Exercise — Could you return every record below exactly as it is written?

++++++

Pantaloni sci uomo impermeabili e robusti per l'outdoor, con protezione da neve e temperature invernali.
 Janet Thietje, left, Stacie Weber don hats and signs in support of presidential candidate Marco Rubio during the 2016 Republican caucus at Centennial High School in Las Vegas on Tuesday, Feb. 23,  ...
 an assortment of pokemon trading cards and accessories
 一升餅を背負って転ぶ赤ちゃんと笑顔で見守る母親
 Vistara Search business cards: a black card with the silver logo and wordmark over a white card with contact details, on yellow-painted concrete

++++++

Your solution —
Pantaloni sci uomo impermeabili e robusti per l'outdoor, con protezione da neve e temperature invernali.
 Janet Thietje, left, Stacie Weber don hats and signs in support of presidential candidate Marco Rubio during the 2016 Republican caucus at Centennial High School in Las Vegas on Tuesday, Feb. 23,  ...
 an assortment of pokemon trading cards and accessories
 一升餅を背負って転ぶ赤ちゃんと笑顔で見守る母親
 Vistara Search business cards: a black card with the silver logo and wordmark over a white card with contact details, on yellow-painted concrete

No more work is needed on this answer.